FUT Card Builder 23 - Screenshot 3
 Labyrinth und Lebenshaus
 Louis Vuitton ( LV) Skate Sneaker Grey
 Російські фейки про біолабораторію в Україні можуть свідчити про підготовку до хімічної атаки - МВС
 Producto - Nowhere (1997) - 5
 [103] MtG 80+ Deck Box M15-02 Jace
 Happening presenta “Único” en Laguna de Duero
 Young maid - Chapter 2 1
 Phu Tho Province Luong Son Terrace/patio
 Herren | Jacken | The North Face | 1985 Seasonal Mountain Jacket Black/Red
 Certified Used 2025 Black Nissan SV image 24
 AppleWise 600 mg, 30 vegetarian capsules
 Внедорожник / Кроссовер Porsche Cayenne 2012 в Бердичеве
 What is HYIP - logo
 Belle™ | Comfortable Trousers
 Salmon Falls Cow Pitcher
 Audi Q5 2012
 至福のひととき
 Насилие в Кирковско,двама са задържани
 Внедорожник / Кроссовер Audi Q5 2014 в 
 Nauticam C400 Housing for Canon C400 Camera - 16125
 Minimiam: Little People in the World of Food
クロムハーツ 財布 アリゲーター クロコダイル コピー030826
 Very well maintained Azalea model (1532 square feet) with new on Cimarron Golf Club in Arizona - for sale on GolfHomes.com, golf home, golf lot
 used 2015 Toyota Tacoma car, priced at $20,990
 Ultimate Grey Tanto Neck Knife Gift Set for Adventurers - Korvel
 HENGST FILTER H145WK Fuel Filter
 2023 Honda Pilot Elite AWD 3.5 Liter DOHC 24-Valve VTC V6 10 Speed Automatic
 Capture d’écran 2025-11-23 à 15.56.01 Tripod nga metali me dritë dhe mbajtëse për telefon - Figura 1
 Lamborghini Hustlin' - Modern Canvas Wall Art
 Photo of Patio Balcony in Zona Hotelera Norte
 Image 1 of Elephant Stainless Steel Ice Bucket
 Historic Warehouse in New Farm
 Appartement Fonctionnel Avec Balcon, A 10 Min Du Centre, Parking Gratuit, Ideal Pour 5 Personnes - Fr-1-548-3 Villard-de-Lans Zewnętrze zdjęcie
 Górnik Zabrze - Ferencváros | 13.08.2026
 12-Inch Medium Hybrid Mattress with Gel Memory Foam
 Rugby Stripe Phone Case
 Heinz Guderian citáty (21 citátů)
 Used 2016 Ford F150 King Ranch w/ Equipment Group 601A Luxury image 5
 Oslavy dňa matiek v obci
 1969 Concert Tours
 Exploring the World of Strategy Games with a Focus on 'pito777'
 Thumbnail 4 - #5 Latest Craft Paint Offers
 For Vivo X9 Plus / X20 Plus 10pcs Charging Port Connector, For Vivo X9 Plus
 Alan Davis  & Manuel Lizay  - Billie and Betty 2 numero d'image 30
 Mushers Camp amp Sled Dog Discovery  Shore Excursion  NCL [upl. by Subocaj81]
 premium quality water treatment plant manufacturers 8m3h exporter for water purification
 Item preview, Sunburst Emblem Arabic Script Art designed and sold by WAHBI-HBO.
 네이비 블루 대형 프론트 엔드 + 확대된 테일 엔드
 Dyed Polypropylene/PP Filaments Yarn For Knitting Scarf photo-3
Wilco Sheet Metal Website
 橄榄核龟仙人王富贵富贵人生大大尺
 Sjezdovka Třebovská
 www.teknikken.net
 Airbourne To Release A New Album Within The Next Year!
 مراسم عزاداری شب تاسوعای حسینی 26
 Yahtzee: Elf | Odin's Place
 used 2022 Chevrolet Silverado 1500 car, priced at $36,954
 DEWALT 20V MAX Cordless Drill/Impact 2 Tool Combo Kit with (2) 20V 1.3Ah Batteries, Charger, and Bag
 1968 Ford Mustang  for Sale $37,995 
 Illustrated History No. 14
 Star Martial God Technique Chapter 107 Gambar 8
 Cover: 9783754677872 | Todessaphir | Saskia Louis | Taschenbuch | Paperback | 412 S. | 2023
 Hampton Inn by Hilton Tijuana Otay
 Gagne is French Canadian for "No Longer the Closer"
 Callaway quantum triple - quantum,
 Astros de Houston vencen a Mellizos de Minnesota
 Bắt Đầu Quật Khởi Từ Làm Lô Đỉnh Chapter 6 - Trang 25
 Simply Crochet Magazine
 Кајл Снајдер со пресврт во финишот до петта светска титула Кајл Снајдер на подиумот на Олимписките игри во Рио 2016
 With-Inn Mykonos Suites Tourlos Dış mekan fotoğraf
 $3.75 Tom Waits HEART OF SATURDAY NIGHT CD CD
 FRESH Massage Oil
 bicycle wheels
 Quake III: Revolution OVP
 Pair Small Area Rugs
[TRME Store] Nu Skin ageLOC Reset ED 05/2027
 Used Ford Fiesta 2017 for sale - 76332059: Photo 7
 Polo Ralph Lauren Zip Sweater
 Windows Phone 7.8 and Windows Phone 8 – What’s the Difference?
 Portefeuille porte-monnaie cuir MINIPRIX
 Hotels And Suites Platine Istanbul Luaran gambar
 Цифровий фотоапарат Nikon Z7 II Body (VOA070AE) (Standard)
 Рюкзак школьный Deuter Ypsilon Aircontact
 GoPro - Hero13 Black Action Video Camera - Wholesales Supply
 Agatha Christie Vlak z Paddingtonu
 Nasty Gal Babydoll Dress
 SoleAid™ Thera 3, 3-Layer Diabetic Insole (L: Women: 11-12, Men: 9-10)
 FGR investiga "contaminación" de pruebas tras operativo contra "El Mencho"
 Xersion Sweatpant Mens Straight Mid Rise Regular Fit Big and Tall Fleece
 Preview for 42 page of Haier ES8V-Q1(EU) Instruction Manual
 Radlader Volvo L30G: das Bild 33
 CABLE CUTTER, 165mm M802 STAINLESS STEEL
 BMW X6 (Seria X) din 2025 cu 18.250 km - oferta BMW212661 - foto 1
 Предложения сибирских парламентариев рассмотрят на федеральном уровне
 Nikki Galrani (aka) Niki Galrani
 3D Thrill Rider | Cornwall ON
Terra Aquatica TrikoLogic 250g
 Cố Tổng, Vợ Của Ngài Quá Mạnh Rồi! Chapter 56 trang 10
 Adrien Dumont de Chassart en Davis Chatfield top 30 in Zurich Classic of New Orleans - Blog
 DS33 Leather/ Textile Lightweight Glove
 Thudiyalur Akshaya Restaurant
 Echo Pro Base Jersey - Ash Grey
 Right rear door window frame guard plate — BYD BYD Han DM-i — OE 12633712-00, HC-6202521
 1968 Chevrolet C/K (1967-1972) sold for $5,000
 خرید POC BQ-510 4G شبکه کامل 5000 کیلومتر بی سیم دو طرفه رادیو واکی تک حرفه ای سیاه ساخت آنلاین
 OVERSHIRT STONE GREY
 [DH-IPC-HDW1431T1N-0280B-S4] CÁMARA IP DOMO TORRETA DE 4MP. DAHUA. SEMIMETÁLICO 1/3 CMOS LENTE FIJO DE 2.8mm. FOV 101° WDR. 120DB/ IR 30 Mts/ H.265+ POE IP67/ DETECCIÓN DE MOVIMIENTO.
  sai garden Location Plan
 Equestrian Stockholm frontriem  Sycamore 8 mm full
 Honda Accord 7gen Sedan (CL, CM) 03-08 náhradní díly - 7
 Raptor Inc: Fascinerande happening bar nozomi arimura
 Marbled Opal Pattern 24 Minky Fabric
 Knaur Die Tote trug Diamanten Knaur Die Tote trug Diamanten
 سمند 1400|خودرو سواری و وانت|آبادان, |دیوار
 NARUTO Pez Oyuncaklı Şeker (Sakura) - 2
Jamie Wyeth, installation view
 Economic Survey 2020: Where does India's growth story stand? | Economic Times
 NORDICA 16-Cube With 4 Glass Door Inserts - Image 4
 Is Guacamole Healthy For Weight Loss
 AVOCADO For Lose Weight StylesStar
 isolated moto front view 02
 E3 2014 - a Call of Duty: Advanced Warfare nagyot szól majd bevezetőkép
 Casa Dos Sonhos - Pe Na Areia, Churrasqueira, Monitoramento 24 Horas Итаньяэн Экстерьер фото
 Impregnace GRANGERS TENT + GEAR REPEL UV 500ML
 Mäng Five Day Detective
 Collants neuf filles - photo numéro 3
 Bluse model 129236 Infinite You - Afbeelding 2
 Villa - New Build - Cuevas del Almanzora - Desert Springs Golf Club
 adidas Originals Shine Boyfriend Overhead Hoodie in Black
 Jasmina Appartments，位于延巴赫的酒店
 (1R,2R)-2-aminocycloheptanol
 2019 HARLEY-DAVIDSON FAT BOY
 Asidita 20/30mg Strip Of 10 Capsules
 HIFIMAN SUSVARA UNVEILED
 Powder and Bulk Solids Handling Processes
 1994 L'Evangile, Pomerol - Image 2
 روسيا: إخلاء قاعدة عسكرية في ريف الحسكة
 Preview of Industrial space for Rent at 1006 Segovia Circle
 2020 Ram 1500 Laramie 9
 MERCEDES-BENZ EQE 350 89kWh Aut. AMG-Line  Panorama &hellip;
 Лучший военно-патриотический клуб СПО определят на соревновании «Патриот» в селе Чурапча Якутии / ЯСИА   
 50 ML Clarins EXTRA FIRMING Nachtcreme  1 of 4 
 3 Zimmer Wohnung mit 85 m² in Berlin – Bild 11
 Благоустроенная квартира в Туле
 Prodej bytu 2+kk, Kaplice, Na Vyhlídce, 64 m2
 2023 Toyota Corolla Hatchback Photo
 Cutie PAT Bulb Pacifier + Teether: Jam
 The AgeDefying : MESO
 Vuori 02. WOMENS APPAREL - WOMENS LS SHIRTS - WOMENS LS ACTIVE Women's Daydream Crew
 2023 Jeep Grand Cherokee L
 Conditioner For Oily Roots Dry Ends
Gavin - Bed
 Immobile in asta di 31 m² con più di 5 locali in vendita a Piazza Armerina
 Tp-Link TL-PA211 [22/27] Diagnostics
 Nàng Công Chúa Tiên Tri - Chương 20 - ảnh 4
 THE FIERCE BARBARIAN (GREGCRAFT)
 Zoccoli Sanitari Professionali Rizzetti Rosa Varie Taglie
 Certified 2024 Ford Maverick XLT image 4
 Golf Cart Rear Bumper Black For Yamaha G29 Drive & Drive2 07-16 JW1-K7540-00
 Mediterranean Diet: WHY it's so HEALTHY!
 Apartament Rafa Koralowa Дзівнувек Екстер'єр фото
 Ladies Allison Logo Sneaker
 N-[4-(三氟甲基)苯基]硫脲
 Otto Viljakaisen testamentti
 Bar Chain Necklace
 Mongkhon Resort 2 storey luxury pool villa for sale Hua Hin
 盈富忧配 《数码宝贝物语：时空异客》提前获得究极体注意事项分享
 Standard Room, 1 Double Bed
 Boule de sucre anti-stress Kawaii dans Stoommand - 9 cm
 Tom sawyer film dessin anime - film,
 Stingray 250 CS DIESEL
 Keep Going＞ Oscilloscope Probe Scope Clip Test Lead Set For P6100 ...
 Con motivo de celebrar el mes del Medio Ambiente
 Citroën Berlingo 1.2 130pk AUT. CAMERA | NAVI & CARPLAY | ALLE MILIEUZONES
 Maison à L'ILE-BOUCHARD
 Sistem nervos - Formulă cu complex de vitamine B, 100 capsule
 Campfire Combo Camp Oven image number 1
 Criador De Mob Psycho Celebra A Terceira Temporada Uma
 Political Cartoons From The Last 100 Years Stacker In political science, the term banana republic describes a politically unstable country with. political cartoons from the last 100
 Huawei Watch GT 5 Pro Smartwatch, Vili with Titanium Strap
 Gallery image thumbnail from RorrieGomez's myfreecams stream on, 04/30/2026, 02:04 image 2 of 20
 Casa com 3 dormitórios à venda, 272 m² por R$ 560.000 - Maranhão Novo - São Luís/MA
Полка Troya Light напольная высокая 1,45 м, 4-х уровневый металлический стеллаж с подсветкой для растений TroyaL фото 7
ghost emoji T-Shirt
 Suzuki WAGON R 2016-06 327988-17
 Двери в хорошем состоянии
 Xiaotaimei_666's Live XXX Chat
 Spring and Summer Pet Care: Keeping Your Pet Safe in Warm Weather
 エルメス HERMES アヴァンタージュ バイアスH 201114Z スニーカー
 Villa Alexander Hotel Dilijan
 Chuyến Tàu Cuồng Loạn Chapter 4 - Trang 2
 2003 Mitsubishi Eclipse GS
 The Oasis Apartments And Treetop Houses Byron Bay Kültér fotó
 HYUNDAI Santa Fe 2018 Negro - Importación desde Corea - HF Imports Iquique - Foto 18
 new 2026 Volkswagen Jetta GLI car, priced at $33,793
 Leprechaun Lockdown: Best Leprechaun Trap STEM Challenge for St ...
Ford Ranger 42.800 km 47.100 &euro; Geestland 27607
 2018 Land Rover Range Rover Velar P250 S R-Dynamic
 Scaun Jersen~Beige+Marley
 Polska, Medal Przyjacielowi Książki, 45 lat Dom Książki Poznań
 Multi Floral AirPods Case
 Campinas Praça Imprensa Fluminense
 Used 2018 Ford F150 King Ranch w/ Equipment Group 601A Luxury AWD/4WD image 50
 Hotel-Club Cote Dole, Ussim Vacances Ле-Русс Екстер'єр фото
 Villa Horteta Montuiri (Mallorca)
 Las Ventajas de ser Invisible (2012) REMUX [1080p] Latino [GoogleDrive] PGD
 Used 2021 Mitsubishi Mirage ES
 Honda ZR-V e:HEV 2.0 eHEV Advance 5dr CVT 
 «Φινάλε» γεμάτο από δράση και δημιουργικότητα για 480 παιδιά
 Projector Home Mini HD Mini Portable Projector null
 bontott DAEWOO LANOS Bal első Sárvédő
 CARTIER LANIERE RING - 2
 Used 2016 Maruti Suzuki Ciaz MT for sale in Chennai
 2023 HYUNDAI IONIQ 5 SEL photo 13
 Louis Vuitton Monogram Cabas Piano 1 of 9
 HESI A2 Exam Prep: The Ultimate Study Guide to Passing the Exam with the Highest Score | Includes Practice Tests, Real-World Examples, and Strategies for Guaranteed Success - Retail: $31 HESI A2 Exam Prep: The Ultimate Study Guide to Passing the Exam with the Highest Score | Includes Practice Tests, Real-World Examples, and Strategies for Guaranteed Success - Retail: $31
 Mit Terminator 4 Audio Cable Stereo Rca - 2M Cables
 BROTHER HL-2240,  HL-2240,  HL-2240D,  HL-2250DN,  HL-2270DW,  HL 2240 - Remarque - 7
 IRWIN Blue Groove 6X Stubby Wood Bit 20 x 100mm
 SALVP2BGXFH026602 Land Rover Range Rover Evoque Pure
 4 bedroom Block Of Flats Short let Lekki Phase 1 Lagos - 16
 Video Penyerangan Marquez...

Aim of the exercise
Print only the lines from the one with "για 480 παιδιά" to the end of the records, both included.

Written response
 «Φινάλε» γεμάτο από δράση και δημιουργικότητα για 480 παιδιά
 Projector Home Mini HD Mini Portable Projector null
 bontott DAEWOO LANOS Bal első Sárvédő
 CARTIER LANIERE RING - 2
 Used 2016 Maruti Suzuki Ciaz MT for sale in Chennai
 2023 HYUNDAI IONIQ 5 SEL photo 13
 Louis Vuitton Monogram Cabas Piano 1 of 9
 HESI A2 Exam Prep: The Ultimate Study Guide to Passing the Exam with the Highest Score | Includes Practice Tests, Real-World Examples, and Strategies for Guaranteed Success - Retail: $31 HESI A2 Exam Prep: The Ultimate Study Guide to Passing the Exam with the Highest Score | Includes Practice Tests, Real-World Examples, and Strategies for Guaranteed Success - Retail: $31
 Mit Terminator 4 Audio Cable Stereo Rca - 2M Cables
 BROTHER HL-2240,  HL-2240,  HL-2240D,  HL-2250DN,  HL-2270DW,  HL 2240 - Remarque - 7
 IRWIN Blue Groove 6X Stubby Wood Bit 20 x 100mm
 SALVP2BGXFH026602 Land Rover Range Rover Evoque Pure
 4 bedroom Block Of Flats Short let Lekki Phase 1 Lagos - 16
 Video Penyerangan Marquez...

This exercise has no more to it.